The typhoons that ravaged the country at the end of last year and early this year impacted on jobs, such that the unemployment rate rose to 6.6 percent in January, the government reported Tuesday.
The Philippine Statistics Authority’s (PSA) January 2017 Labor Force Survey (LFS) showed that the jobless rate increased from 5.7 percent a year ago.
In a statement, state planning agency National Economic and Development Authority said the employment rate of 94.3 percent translated into 39.3 million employed Filipinos in January, lower than the 40.6 million employed a year ago.
“We mainly observe the employment losses in the agriculture sector, which has been affected by typhoons ‘Nina’ and ‘Auring’ that hit our country last December and January,” Socioeconomic Planning Secretary Ernesto M. Pernia said.
“The agriculture sector accounts for the second largest share of total employment at 25.5 percent, which has shed an estimated 882,000 workers or two-thirds of the employment losses,” said Pernia, who also heads Neda.
As such, “the government must focus interventions to diversify the sources of income of our workers in the agriculture sector, increase labor participation of women and address youth unemployment and underutilization,” he said.
Also, Neda said the higher unemployment rate in January was likewise partly due to temporary election-related jobs, which increased early last year ahead of the May 2016 polls.
Neda noted that the jobless rate also inched up in January 2011 or after the 2010 national elections.
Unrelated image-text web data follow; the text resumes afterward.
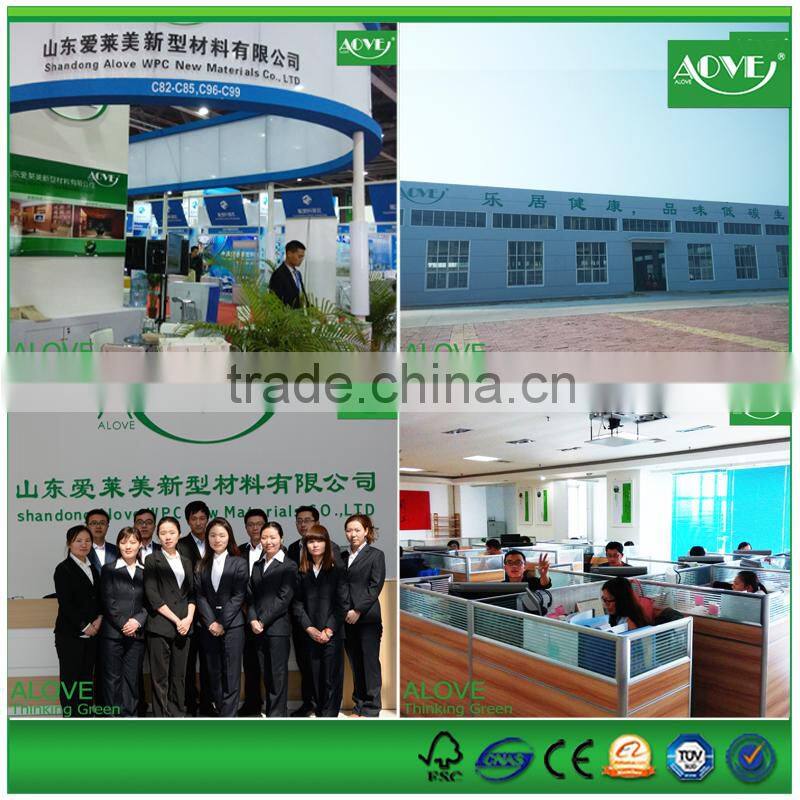 Colorful pvc building material /fire proof /anti-corrosion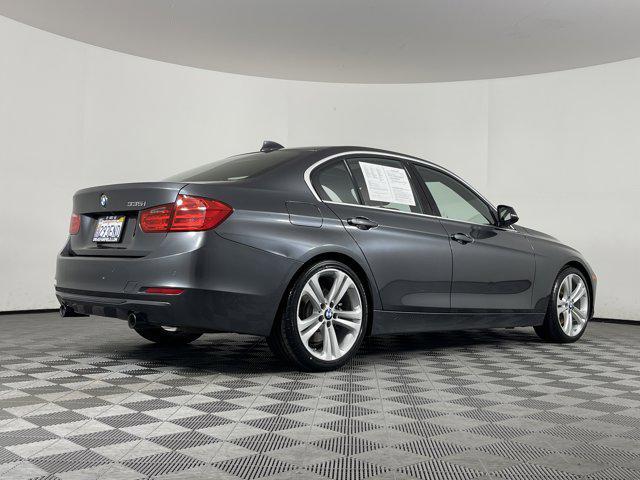 used 2015 BMW 335 car, priced at $16,400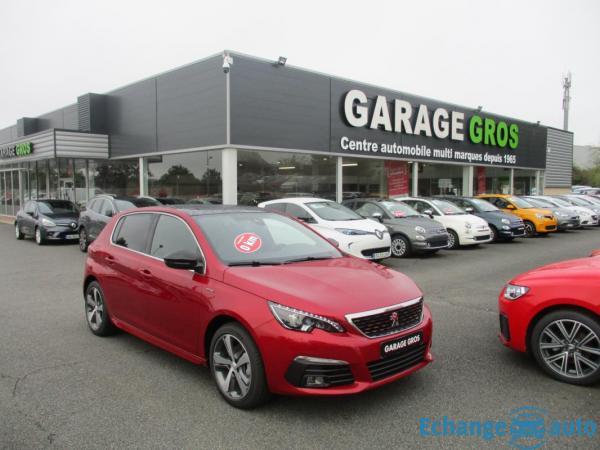 Peugeot 308 BlueHDi 130ch S&S EAT8 GT Line
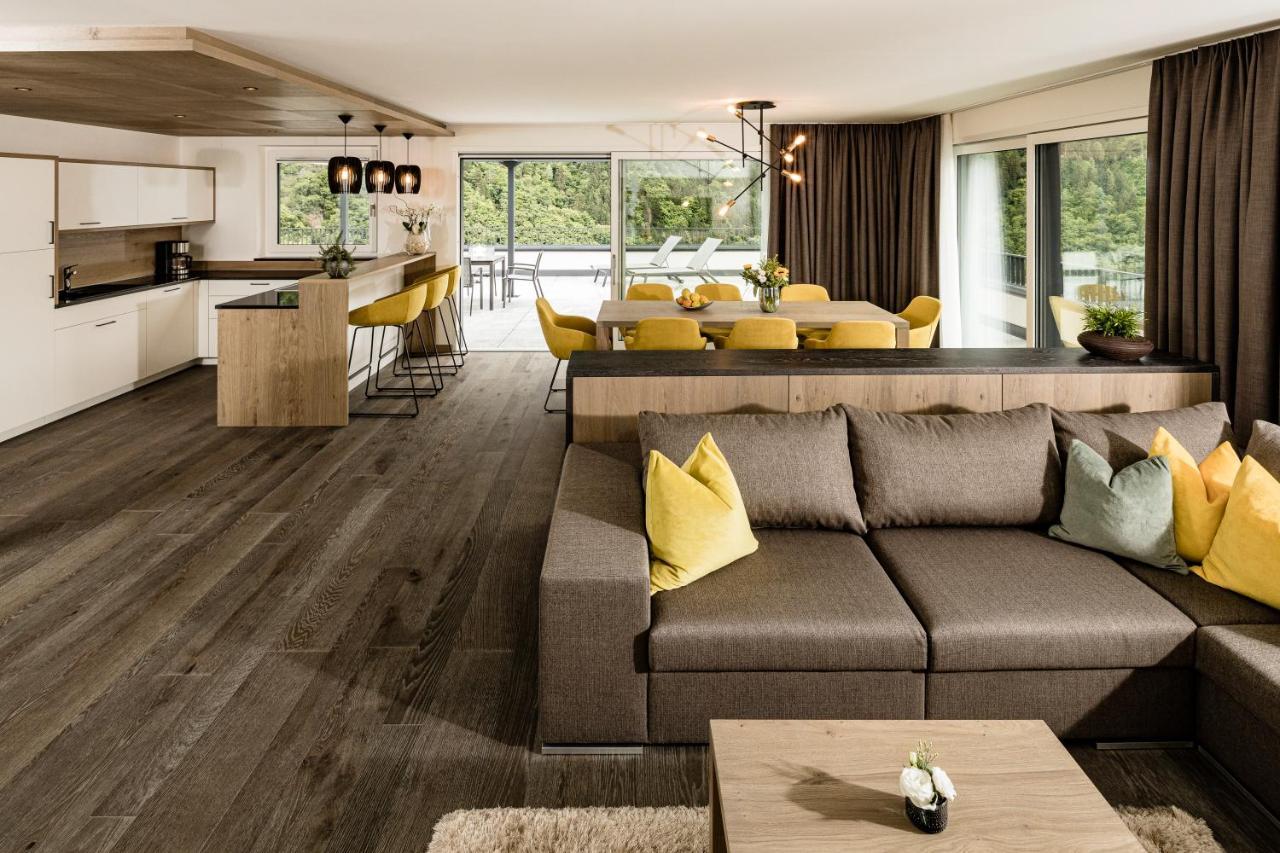 Panorama Residence Saltauserhof Resort 外观 照片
Low educational attainment also figured as a reason for unemployment. “The increase in unemployed Filipinos came from those with elementary education only (up by 128,000), followed by those with high school education (up by 88,000),” Neda noted.
“Youth and adult unemployment rates also went up to 15.6 percent and 4.8 percent, respectively, but the bulk of the increase in the unemployed came from adult workers (up by 181,000),” Neda added.
Pernia expects the Duterte administration’s planned infrastructure buildup to create more jobs. “The prospects for job generation may be enhanced with the long pipeline of infrastructure projects for implementation on a 24/7 work mode basis under the current administration,” he said.
“Given that several of these projects are going to be foreign-funded, the government must see to it that foreign contractors are made to agree to recruit technical and blue-color workers who are available in the domestic labor market,” Pernia added.
Part of the plan to make the six years of the Duterte administration a so-called “golden age of infrastructure” was spending P847.2 billion or 5.2 percent of the gross domestic product (GDP) on infrastructure this year alone.
The budget for infrastructure expenditures in 2017 accounted for a fourth of the total and was 13.8-percent bigger than last year’s program.
As for high unemployment among the youth, Pernia said the administration’s development blueprint had proposed solutions to this problem. “Critical interventions to address youth unemployment are enumerated in the Philippine Development Plan 2017-2022, particularly to reduce the number of the youth who are neither studying nor employed nor in training.”